Procédure devant la cour :

I - Par une requête et un mémoire, enregistrés, sous le n° 15LY00782, le 3 mars et le 21 septembre 2015, M. et Mme C...demandent à la cour :

1°) de réformer le jugement du tribunal administratif de Lyon du 11 décembre 2014 en ce qu'il n'a fait droit à leur demande qu'à hauteur de 114 529 euros ;

2°) de porter à 381 493,68 euros l'indemnité mise à la charge de la commune de Saint-Cyr-au-Mont-d'Or ;

3°) de mettre à la charge de la commune de Saint-Cyr-au-Mont-d'Or le paiement d'une somme de 5 000 euros au titre de l'article L. 761-1 du code de justice administrative.

Ils soutiennent que la responsabilité pour faute de la commune est engagée ; que la délivrance d'un nouveau permis le 1er juillet 2014 n'a pas régularisé la construction, qui a été démolie, ni pu réparer les préjudices subis ; que les causes exonératoires de responsabilité retenues à leur encontre sont infondées ; que les dispositions du code civil ont été respectées ; que le préjudice subi trouve sa cause dans l'illégalité des permis ; que la part de responsabilité laissée à leur charge, de 50 %, est injustifiée ; que les travaux étaient quasiment achevés à la date de suspension des permis ; qu'ils justifient du coût de démolition de l'ouvrage à hauteur de 105 847,47 euros ; que le montant réel des frais de justice à prendre en compte est de 29 005,64 euros et non 25 386 euros ; que les frais de géomètre expert pour un montant de 968,76 euros, justifiés par l'expertise sur les vues, sont directement en lien avec la faute ; que leur préjudice moral et dans les conditions d'existence doit être porté de 8 000 euros à 50 000 euros.

Par un mémoire, enregistré le 27 août 2015, la commune de Saint-Cyr-au-Mont-d'Or conclut au rejet de la requête et à ce qu'une somme de 3 000 euros soit mise à la charge de M. et Mme C...au titre de l'article L. 761-1 du code de justice administrative.

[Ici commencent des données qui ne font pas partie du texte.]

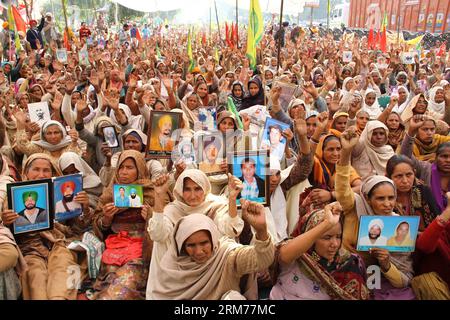 (140217) -- PUNJAB, Feb. 17, 2014 (Xinhua) -- Farmers hold photographs of their relatives who committed suicide, during a protest opposite mini secretariat building in Bathinda, India, Feb. 17, 2014. The protesters demand for compensation to farmers and farm laborers who had committed suicide due to debt. They also want the state government to write off the farmers debts and allot plots to homeless farm laborers. (Xinhua/Stringer) INDIA-PUNJAB-FARMER PROTEST PUBLICATIONxNOTxINxCHN   Punjab Feb 17 2014 XINHUA Farmers Hold Photographs of their Relatives Who Committed Suicide during a Protest opp Stock Photo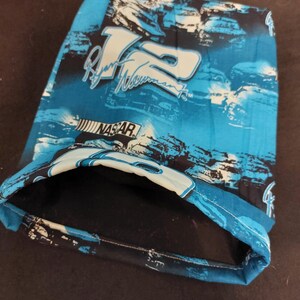 May include: A blue and black fabric item featuring the number 12 and the name "Ryan Newman" in white. The word "NASCAR" is also visible. The item has a pocket and is likely a bag or pouch.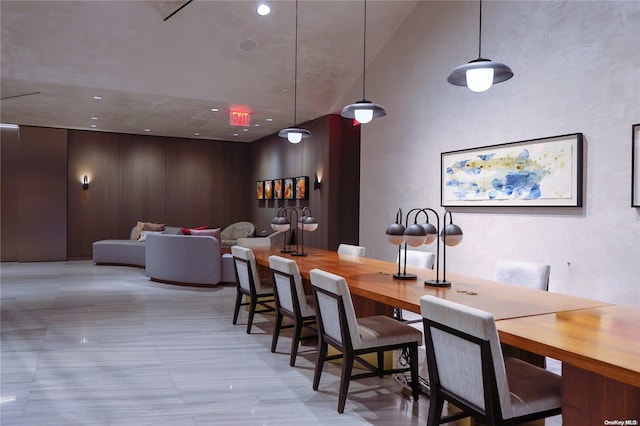 dining space featuring a towering ceiling and wooden walls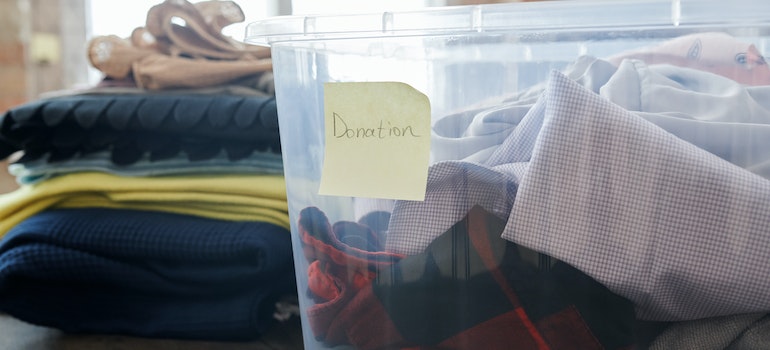 A plastic box is filled with clothes and labeled.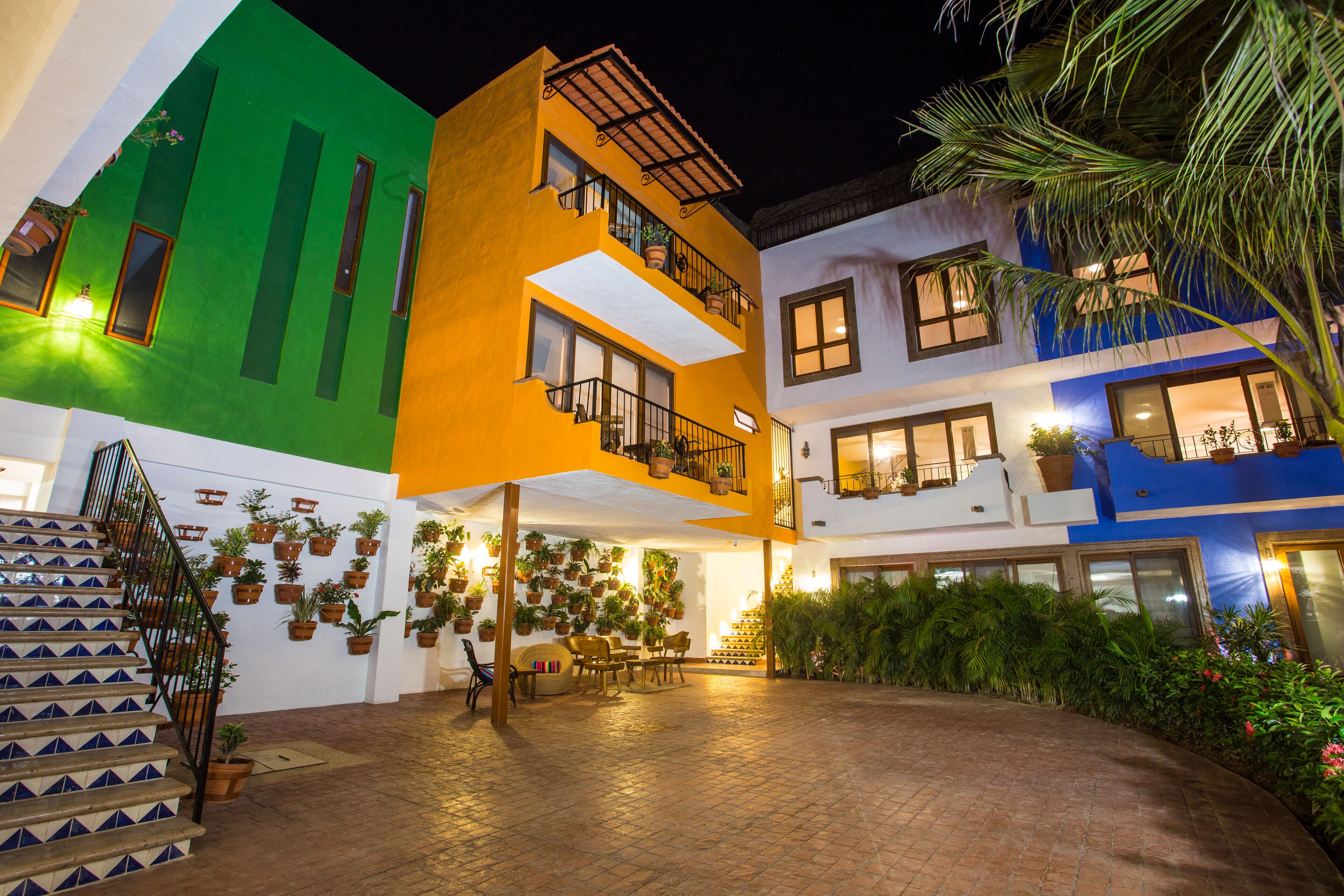 A multi-story building with a green, orange, and blue facade, a covered outdoor seating area with tables and chairs, and a staircase with blue and white tiles.
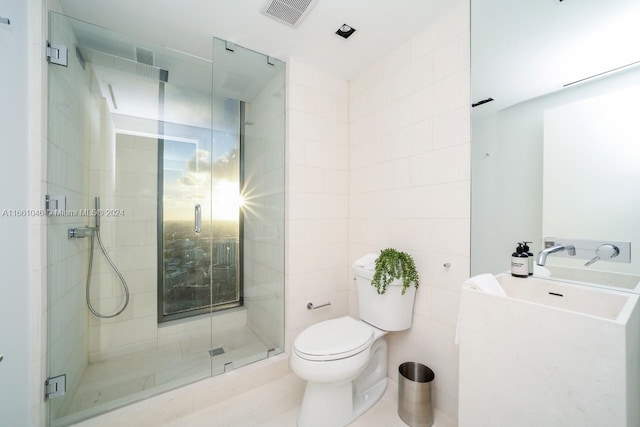 bathroom featuring tile patterned flooring, toilet, and a shower with door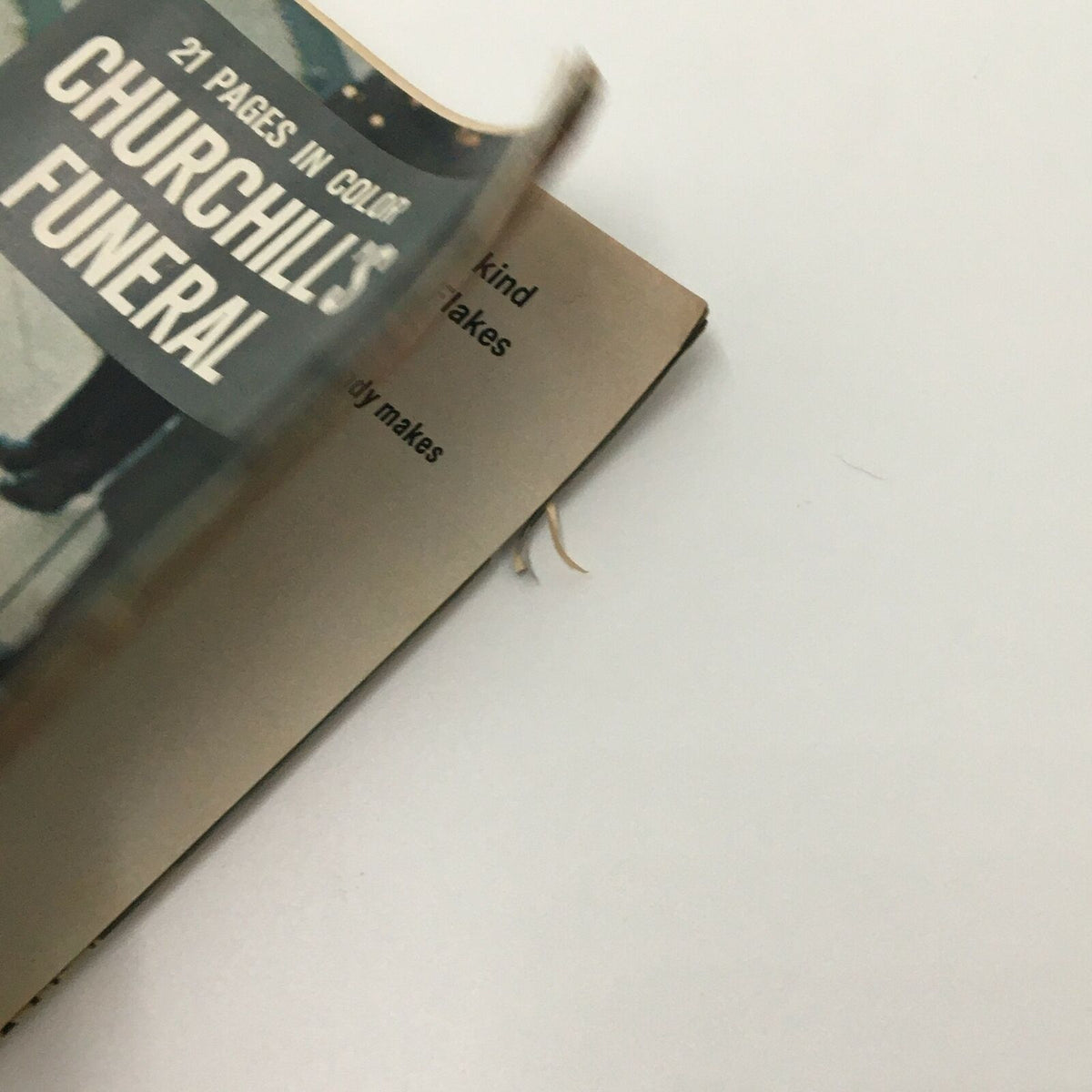 Inside view of the VTG Life Magazine February 5, 1965, showing pages from the article about Churchill's Funeral, including the magazine's display and design.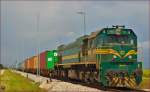 Diesel loc 664-112 pull container train through Cirkovce-Polje on the way to Hodoš.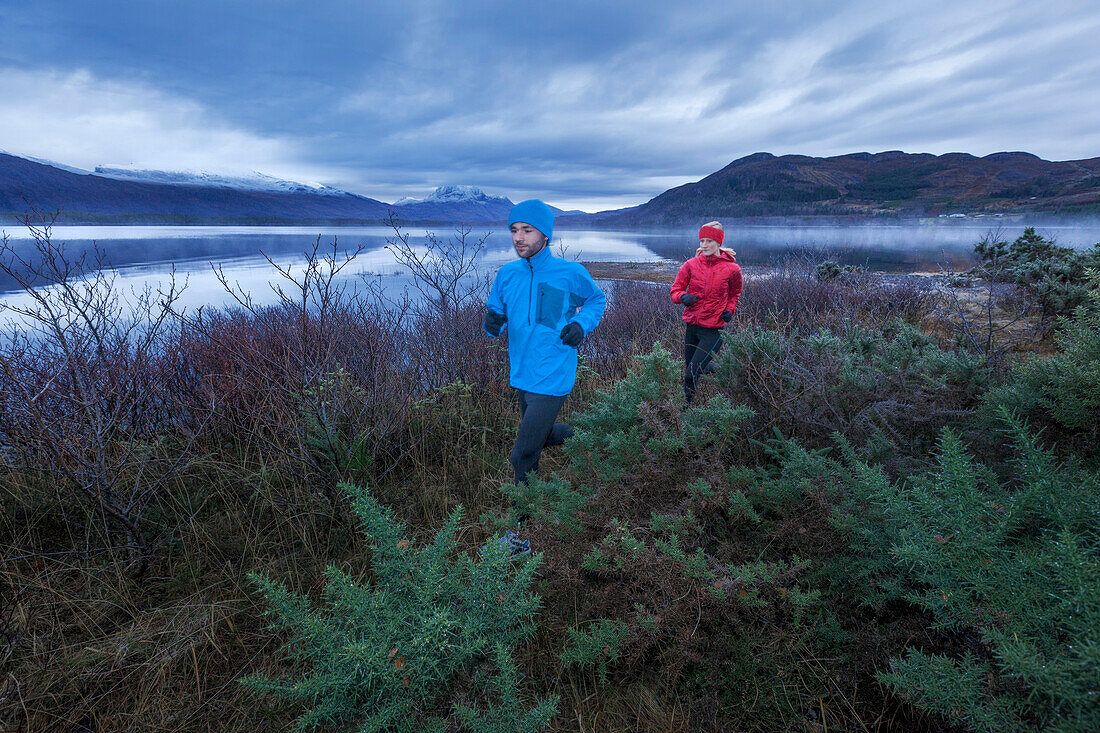 Young couple jogging along Loch Maree, Northwest Highlands in background, Scotland, United Kingdom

Elle soutient qu'aucune faute ne saurait lui être reprochée dès lors que l'illégalité des permis de construire accordés aux requérants trouve sa cause exclusive dans l'annulation d'un document d'urbanisme approuvé par la communauté urbaine ; que la démolition trouve sa cause exclusive dans les troubles anormaux de voisinage et la violation des règles de distance prescrites par le code civil sans qu'aucun lien de causalité avec les permis délivrés ne puisse être retenu ; que, compte tenu du permis de régularisation que les requérants ont obtenu en date du 1er juillet 2014 sur la base du plan local d'urbanisme de 2005, les préjudices allégués ne sont pas établis ou sont sans lien direct avec la faute ; que les intéressés ont commis des fautes exonératoires de responsabilité ; que l'illégalité des permis de construire, qui résulte de celle du plan d'urbanisme approuvé par la communauté urbaine , résulte du fait du tiers ; que cette dernière doit relever la commune de toute condamnation.

Par un mémoire, enregistré le 14 octobre 2015, la métropole de Lyon, venant aux droits de la communauté urbaine de Lyon, conclut au rejet de la requête, à la réformation du jugement attaqué en ce que le tribunal l'a condamnée à garantir la commune de Saint-Cyr-au-Mont-d'Or et au rejet de l'appel en garantie formée par cette dernière à son encontre.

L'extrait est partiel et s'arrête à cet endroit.